Janet Dean Fodor
Professor Emerita of Linguistics
Janet Dean Fodor was Professor Emerita of Linguistics at the Graduate Center of the City University of New York. Her primary field was psycholinguistics, and her research interests included human sentence processing, prosody, learnability theory and L1 (first-language) acquisition.
Dean Fodor grew up in England and received her BA in 1964 and her MA in 1966, both at Somerville. At Oxford, she was a student of the social psychologist Michael Argyle, and their ‘equilibrium hypothesis’ for nonverbal communication became the basis for affiliative conflict theory: if participants feel the degree of intimacy suggested by a channel of nonverbal communication to be too high, they act to reduce the intimacy conveyed through other channels.
Dean Fodor received her Ph.D. in 1970 from MIT with a thesis on the challenge posed by opaque contexts for semantic compositionality. She came to the Graduate Center at CUNY from the University of Connecticut in 1986 as a distinguished professor of linguistics. In 1988, Fodor founded the CUNY Conference on Human Sentence Processing. Fodor supervised ca. 27 dissertations of students from both City University of New York and the University of Connecticut.
She received a Guggenheim Fellowship in 1992, was made President of the Linguistic Society of America in 1997 and was named a Fellow of the Linguistic Society of America in 2006. In 2014, she was elected a Corresponding Fellow of the British Academy. A volume of papers in her honor, Explicit and Implicit Prosody in Sentence Processing, was published in 2015. Professor Dean Fodor was married to the American philosopher Jerry Alan Fodor until his death in 2017.
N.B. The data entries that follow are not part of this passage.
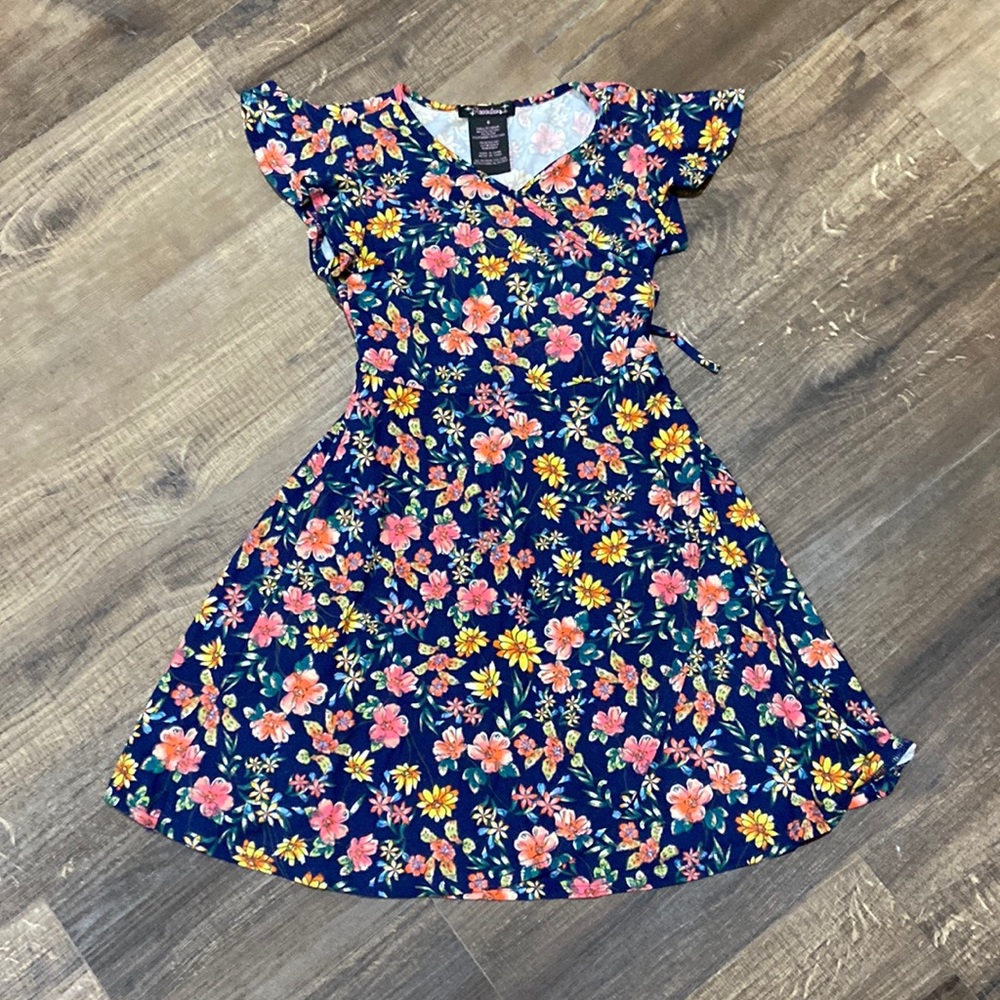 Soft Stretchy Faux-Wrap Flutter Sleeve Floral Dress
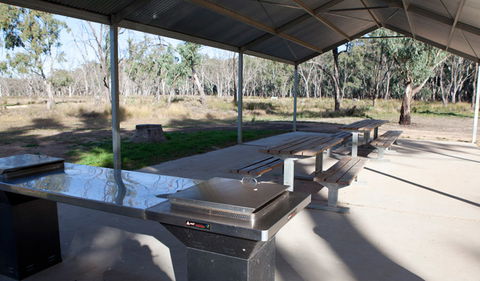 Yanga Woolshed Picnic Area - Attractions Brisbane 0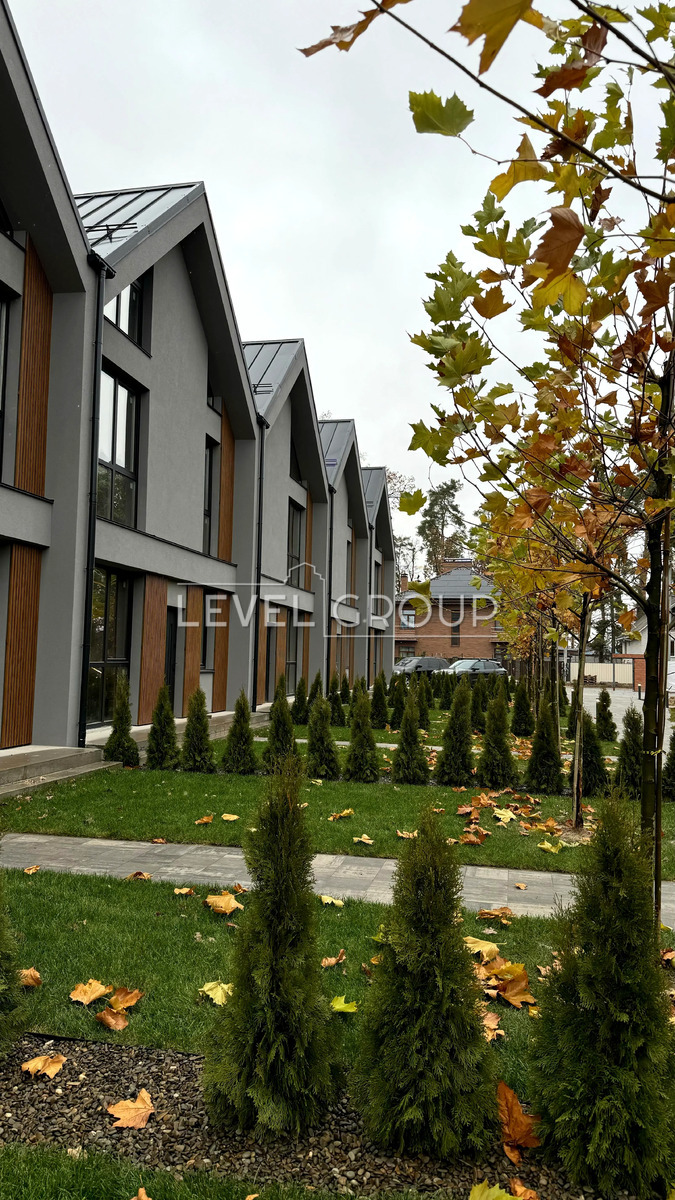 Yevhen Paton St., 15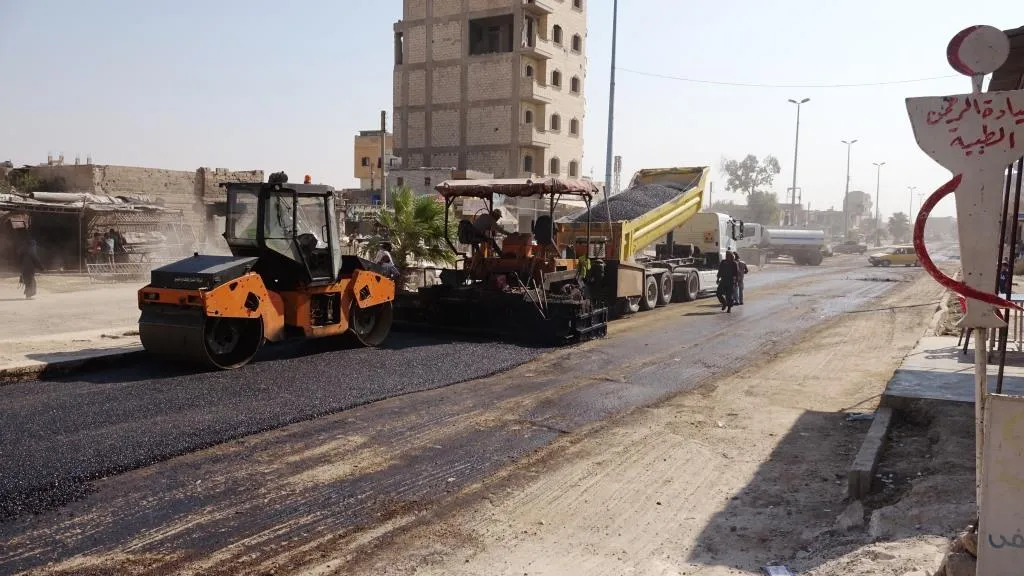 بلدية الرقة تُنجز 50% من مشروعها لتعبيد الطرق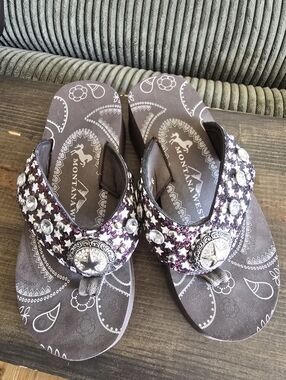 Montana West Flip Flops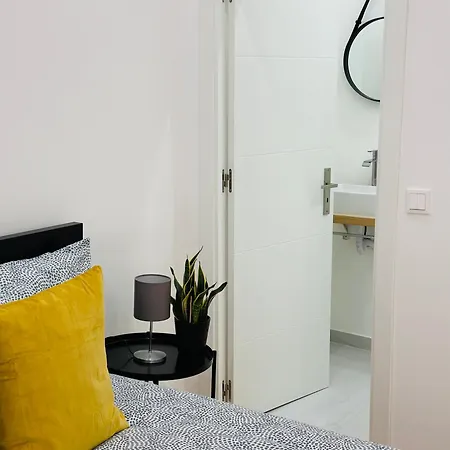Baixa Chiado Bedrooms 3* Лісабон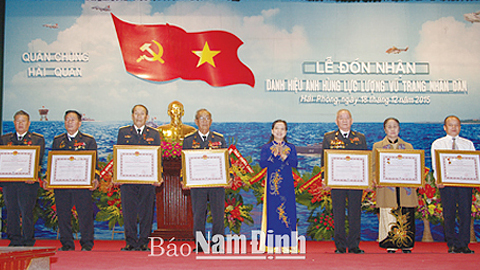Ghi nhận những thành tích trong kháng chiến chống Mỹ cứu nước, ông Trần Xuân Hỗ (thứ 2 từ trái sang), ông Phan Hải Hồ (thân nhân của ông thứ 2 từ phải sang) đã vinh dự được Đảng, Nhà nước phong tặng danh hiệu Anh hùng LLVTND.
Summary of major publications
A New Two-Stage Parsing Model
Fodor and Lyn Frazier proposed a new two-stage model of parsing human sentences and the syntactic analysis of these sentences. The first step of this new model is to “assign lexical and phrasal nodes to groups of words within the lexical string that is received”. The second step is to add higher nonterminal nodes and combines these newly created phrases into a sentence. Fodor and Frazier suggest this new method because it can transcend the complexities of language by parsing only a few words at a time. Their model is based on the assumption that initial parsing occurs via the length of the phrase, not the syntactic meaning.
Comprehending Sentence Structure
Through a series of sentence analyses, Fodor found that the “WH-trace appears in mental representations of sentence structure, but NP-trace does not”. WH-trace is the placement of interrogative words (who, what, where) in a sentence. Her findings did not support those of McElree, Bever, or MacDonald, but she acknowledges that there are different types of sentences that are going to create linguistic issues that linguists don’t know how to deal with yet. Using this same data, Fodor also finds that passive verbs are more memorable than adjectives during language production.
Psycholinguistics Cannot Escape Prosody
In this article, Fodor emphasizes the importance of integrating prosody into research on sentence processing. She argues that past research has focused on syntactic and semantic analysis of sentences, but people use prosody when reading, which affects reading comprehension and sentence analysis. She also brings up the idea that people use prosody when writing, not just reading, which further affects sentence production and sentence structure. She blames technology for this new need, largely because of the newfound availability of information.
Did you know?
Janet Dean Fodor’s work with Lyn Frazier in the 70s and 80s did much to uncover the strong, perhaps universal, biases in the process of assigning hierarchical structure to linear sequences of words which is known today as ‘implicit prosody’?